“A NEW MOON OVER TOHOKU (TOHOKU NO SHINGETSU)” | U.S. Premiere | Canada | English, Japanese w/English subtitles | 98 min.
Written and directed by Linda Ohama.
A moving story of love, survival and old Japanese traditions and customs in the aftermath of the March 2011 earthquake and tsunami disaster in northeastern Japan.
Shingetsu is the Japanese word for “new moon” — the moon that cannot be seen, yet still exists in the darkness of the night sky. This film shares the voices of the Tohoku people who break their cultural silence and share their stories and post-3/11 lives. Through their experiences, they discover something intangible and simple, yet essential to human life. Shot on location over two and a half years in the coastal prefectures affected by the earthquake, tsunami and nuclear accident — Miyagi, Iwate and Fukushima.
Screenings: Nov. 4, 5:45 p.m. | Nov. 6, 12:15 p.m. | Nov. 13, 5 p.m. (Regal Kapolei)| Nov. 19, 1 p.m. (Palace Theater)
“MIFUNE: THE LAST SAMURAI” | Hawai‘i Premiere | Japan | English, Japanese w/English subtitles | 80 min.
Written by Steven Okazaki and Stuart Gailbraith IV. Directed by Steven Okazaki.
Toshiro Mifune (1920-1997), who appeared in 170 films, was the greatest actor from the “golden age” of Japanese cinema. He is best known for his 16-film collaboration (1948-’65) with filmmaker Akira Kurosawa in such films as “Rashomon,” “Seven Samurai,” “The Hidden Fortress” and “Throne of Blood,” which was adapted from Shakespeare’s “Macbeth.” Mifune twice earned the Best Actor Prize at Venice Festival for “Yojimbo” (1961) and “Red Beard” (1965).
Directed by Academy Award-winning filmmaker Steven Okazaki and narrated by actor Keanu Reeves, the documentary explores Mifune’s life and career with archival footage and interviews with Mifune’s family and co-stars. Toshiro Mifune was born in China in 1920 to Japanese parents. At age 19, he was drafted into the Imperial Japanese Army aviation division and set foot into Japan for the first time as a soldier in World War II.

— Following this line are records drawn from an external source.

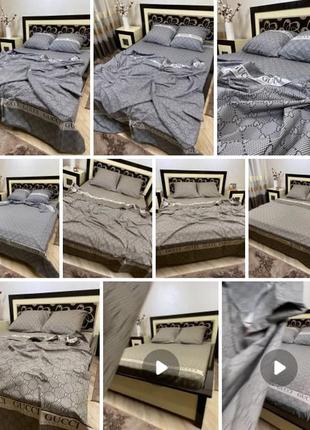 Спальный комплект гучи постельное белье гучи
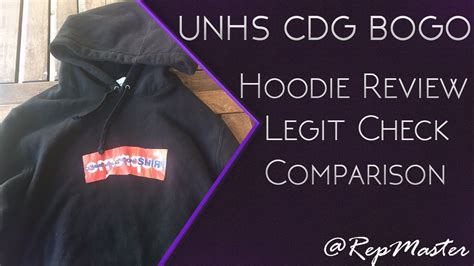 Trova una vasta selezione di supreme box logo hoodie a prezzi vantaggiosi su ebay. UNHS Supreme CDG Box Logo Hoodie - Review Legit Check ...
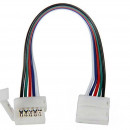  Two connection boxes Clips-connect on cables for Strips LEDs RGB W 5-track circuit board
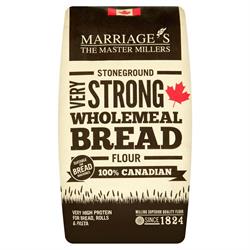 Very Strong Wholemeal 100% Canadian Bread Flour 1.5kg, W H Marriage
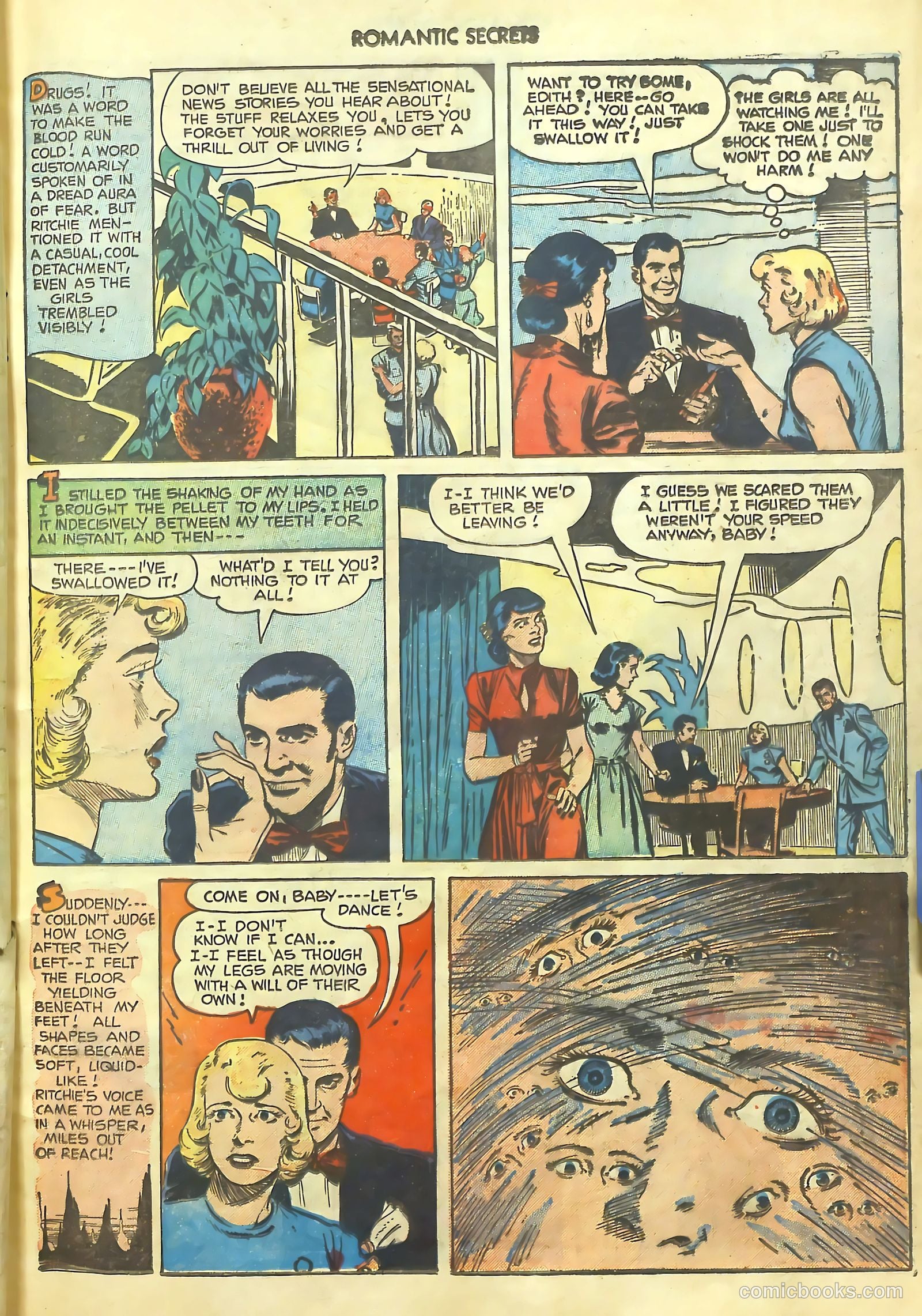 Romantic Secrets #22 (1951) — page 9 of 36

Japan’s postwar years were difficult. Samurai movies became a great source of comfort, given the samurai’s role of honor and stoicism in Japanese history. Mifune never intended to become an actor; in fact, he applied to become a camera assistant at Toho, Tökyö’s famous film studio. But the studio needed actors.
Life as a contract actor in Tökyö was neither easy nor glamorous. Once a movie was finished, a new one began the very next day. It was not until he was chosen as Akira Kurosawa’s leading man that Mifune was able to begin making films that fulfilled him. Together, they created the genre of the wandering warrior protagonist that would later inspire filmmakers as diverse as Sergio Leone, Steven Spielberg, Martin Scorsese and George Lucas. Actor Clint Eastwood credits Mifune as the inspiration for his own iconic Western characters.
Toshiro Mifune gave some of the finest performances in film history that audiences still marvel at today. “Mifune: The Last Samurai” is a thoughtful and loving tribute to the man and the actor. It has also been nominated for the Halekulani Golden Orchid Award for Best Documentary.
Screenings: Nov. 6, 4 p.m. | Nov. 13, 11:30 a.m.
In honor of Toshiro Mifune, HIFF will present a special screening of “Rashomon” at 2 p.m. on Nov. 6, followed by the Hawai‘i premiere of “Mifune: The Last Samurai.”